Depois de meditar sobre o riso, Arkadi trata, imediatamente, de se justificar com o leitor. Sabe que essa longa meditação sobre a máscara quebra o tom da narrativa, que nela se imiscui em um terreno que não é de seu domínio, que se arrisca e talvez até, apesar de deliciar, também aborreça quem o lê. “É de modo deliberado que incluo aqui esta longa tirada sobre o riso, inclusive sacrificando o fluxo da narração, pois a considero uma de minhas mais sérias conclusões sobre a vida.” O leitor deve descontar aqui a vaidade, e também a arrogância juvenil, do protagonista, que tem um espírito conturbado e oscilante, e que frequentemente chega a extremos dos quais, logo em seguida, se arrepende. Em seu estilo de narrar, predomina uma grande inconstância, uma volubilidade realmente enervante, mas é delas, também, que Dostoievski desentranha a força de seu personagem.

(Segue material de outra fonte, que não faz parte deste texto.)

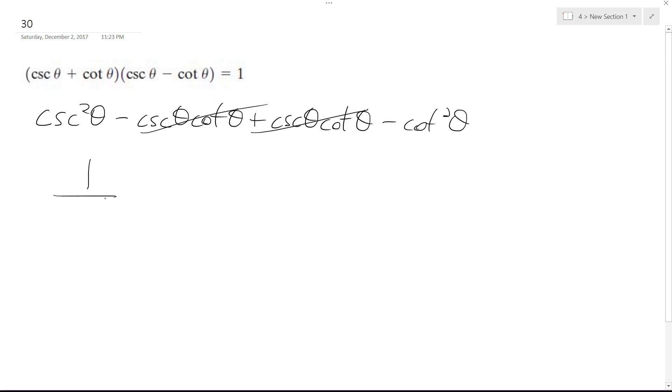So I get 1 over sine squared theta minus cosine squared theta over sine squared theta. This is the cotangent converted.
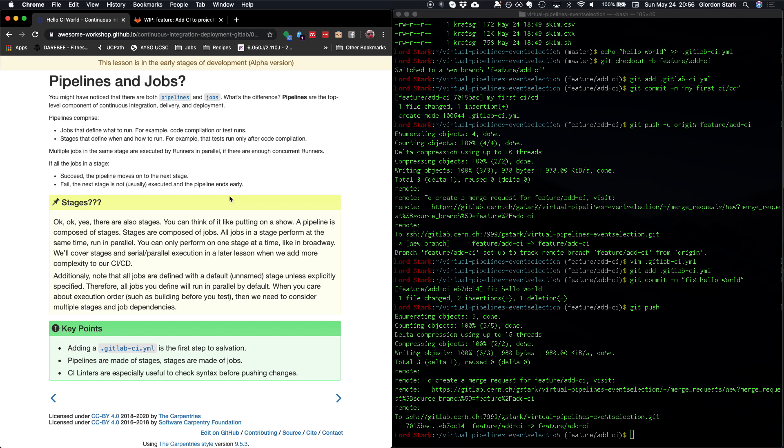But to summarize, in order to get CI running in any project, all you need to do is add a .gitlabci.yaml file. And CI linters are very important. So that's the end for this section. Join us next time as we start adding more features to the CI.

Para encerrar sua meditação, Arkadi sugere aos leitores que pensem, em particular, nas crianças. “Observem uma criança: umas crianças sabem rir com perfeição, por isso são sedutoras.” Predomina aqui a ideia de que o crescimento, e também a vida, maculam e degradam o espírito. “Uma criança chorona é repugnante para mim”, ele ressalva, “mas a que ri e se alegra é um raio do paraíso, uma revelação do futuro, de quando o homem enfim se tornará puro e cândido”. Vemos aqui, claramente, que para Arkadi — e talvez para Dostoievski — o riso se associa à candura, à falta de malícia, e que ele é, assim, e, portanto, uma expressão viva de certo ideal de homem não contaminado pelas alternâncias da existência. Arkadi vê, por fim, algo de infantil, que o encanta, na face de seu falso pai, Makár, com quem passará a dialogar na parte seguinte do livro. Toda a Teoria do Riso, enfim, e agora se vê, é uma espécie de intróito para destacar e iluminar a figura do pai. Mas isso já é outra e longa conversa.

José Castello

É escritor e jornalista. Autor do romance Ribamar, entre outros livros.